What’s Really Fair in Love and War?
Posted by on January 30, 2010 at 1:32 pm in TheatreBy CHARLES ISHERWOOD
nytimes.com
Sarah Goodwin, the complicated woman at the heart of “Time Stands Still,” seems to thrive on conflict, at least professionally. A photojournalist who covers wars and global strife, she keeps chaos at arm’s length by trapping it in the camera lens, exerting a fierce control over moments of horror by fixing them in time.
The visitors: Eric Bogosian, as the couple’s old friend, and Alicia Silverstone as his new, much younger girlfriend.
But the flux of Sarah’s own life cannot be manipulated so easily, as she learns with growing sorrow in this thoughtful drama by Donald Margulies that stars Laura Linney and Brian d’Arcy James, giving performances of complementary sensitivity and richness. Conflicting needs cannot be held at a cool distance; the wounds of the past cannot be filed away like old negatives; the change that experience brings is not reversible.

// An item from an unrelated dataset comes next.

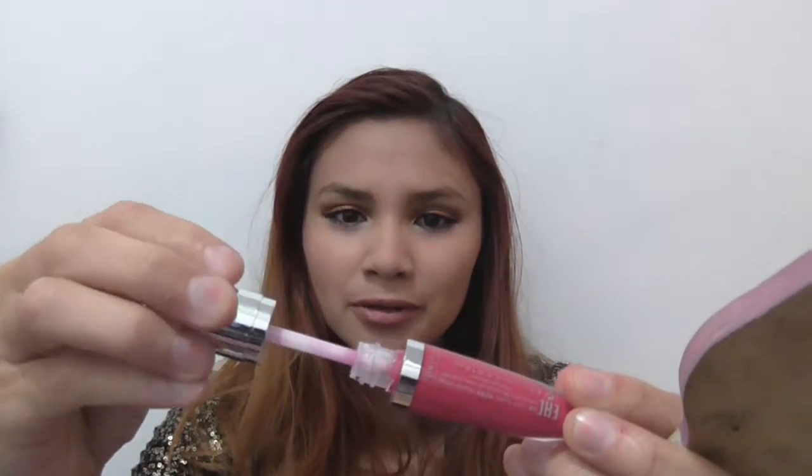As you can see, I have my mirror here and the brush comes out — it doesn't. This is how the applicator looks. I'm going to apply it the same way I applied the other one.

“Time Stands Still,” which opened Thursday night at the Samuel J. Friedman Theater in a flawless Manhattan Theater Club production directed by Daniel Sullivan, is handily Mr. Margulies’s finest play since the Pulitzer Prize-winning “Dinner With Friends.” Like that keenly observed drama about the growing pains of adulthood, the new play explores the relationship between two couples at a crucial juncture in their lives, when the desire to move forward clashes with the instinct to stay comfortably — or even uncomfortably — in place.
As the play opens, the challenges facing Sarah and her partner, James Dodd (Ms. Linney and Mr. d’Arcy James), seem clear enough. James has just brought Sarah home from a hospital in Germany, where she was recuperating from severe injuries suffered while she was covering the war in Iraq. Antsy and unused to the burdens of repose, Sarah rebuffs James’s constant efforts to cushion her from the bumps and bruises of recovery. His anxiety is amplified by a lingering sense of guilt: a reporter himself, he had suffered a breakdown in Iraq and returned to the United States shortly before Sarah’s accident, which has left her with a bum leg and scarred face.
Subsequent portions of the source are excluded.